Task prompt
Output the entries that follow character for character. Leave every image out.

Data for processing

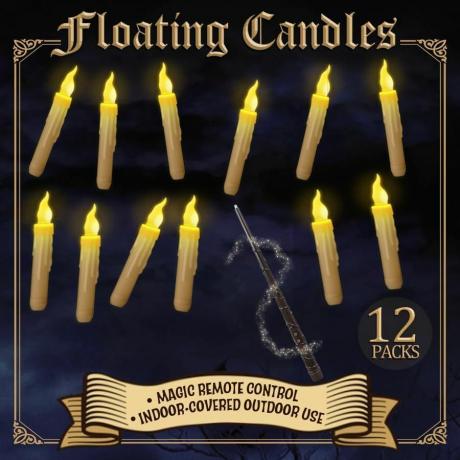 Κεριά χωρίς φλόγα με τηλεχειριστήριο Magic Wand (12-pack)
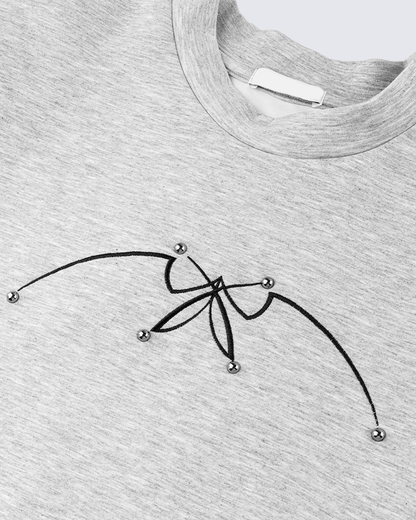 Studded Abstract Line Art Graphic Tee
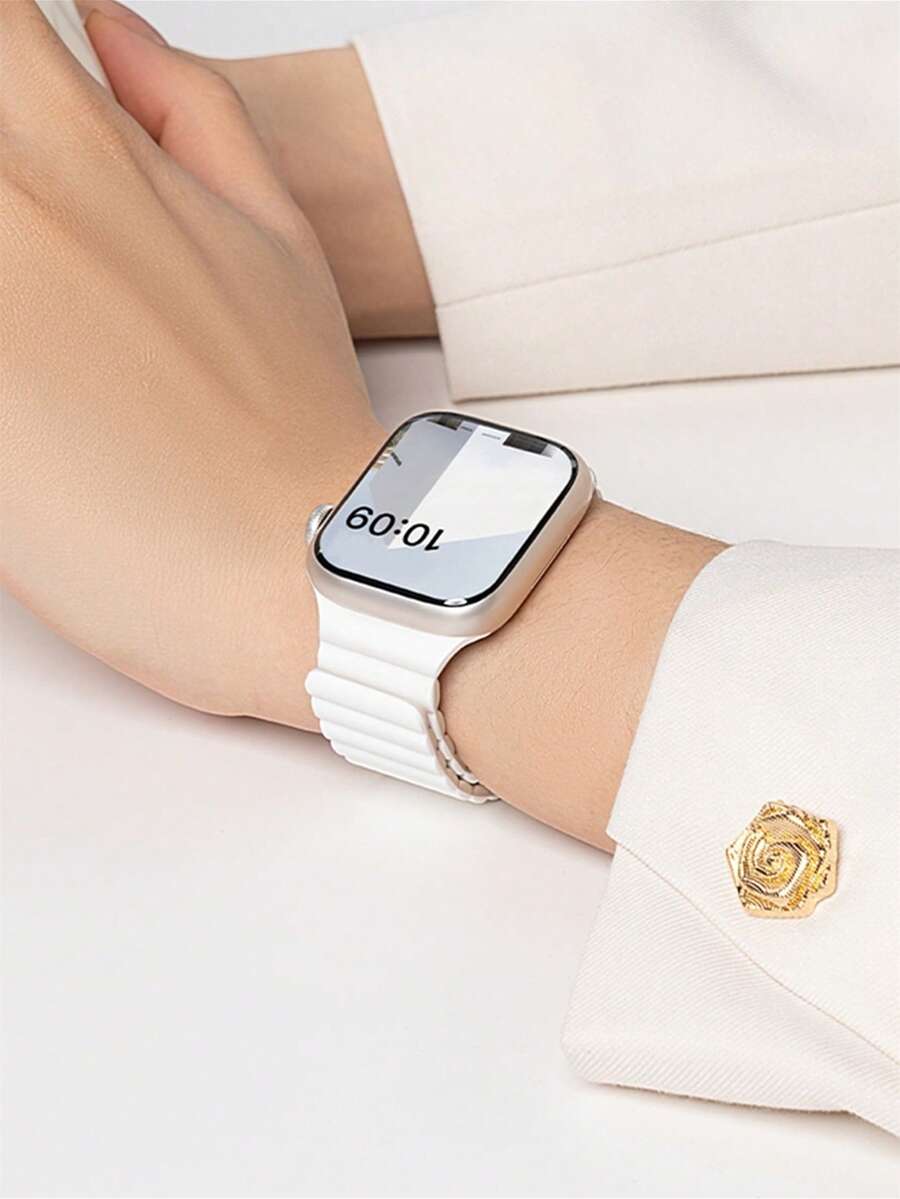 1条男女通用硅胶磁吸表带，兼容 42mm、38mm、40mm、41mm、44mm、45mm、46mm、49mm，时尚智能手表替换表带，适用于Ultra2、Ultra SE2、SE 11、10、9、8、7、6、5、4、3、2、1系列，可作为学生返校礼物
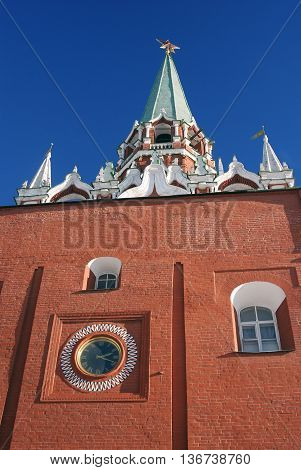 View of the Moscow Kremlin a popular touristic landmark. UNESCO World Heritage Site.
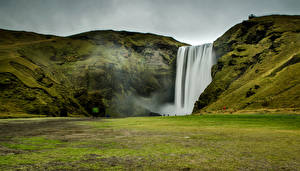 Фото Исландия Водопады Мха Skogafoss Природа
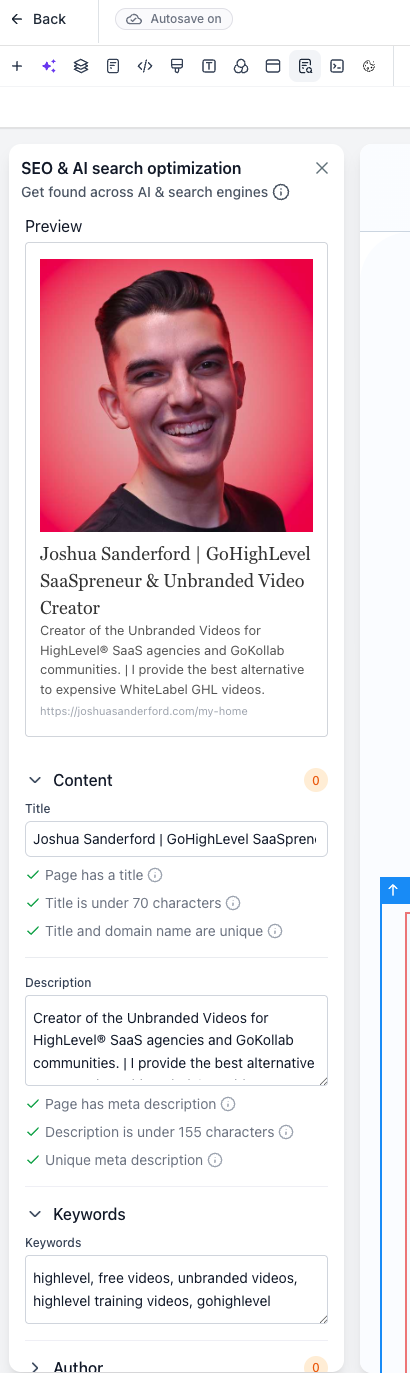 GoHighLevel SEO and AI search optimization panel showing the live search preview, page title with character checks, meta description and keywords fields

Response
 Κεριά χωρίς φλόγα με τηλεχειριστήριο Magic Wand (12-pack)
 Studded Abstract Line Art Graphic Tee
 1条男女通用硅胶磁吸表带，兼容 42mm、38mm、40mm、41mm、44mm、45mm、46mm、49mm，时尚智能手表替换表带，适用于Ultra2、Ultra SE2、SE 11、10、9、8、7、6、5、4、3、2、1系列，可作为学生返校礼物
 View of the Moscow Kremlin a popular touristic landmark. UNESCO World Heritage Site.
 Фото Исландия Водопады Мха Skogafoss Природа
 GoHighLevel SEO and AI search optimization panel showing the live search preview, page title with character checks, meta description and keywords fields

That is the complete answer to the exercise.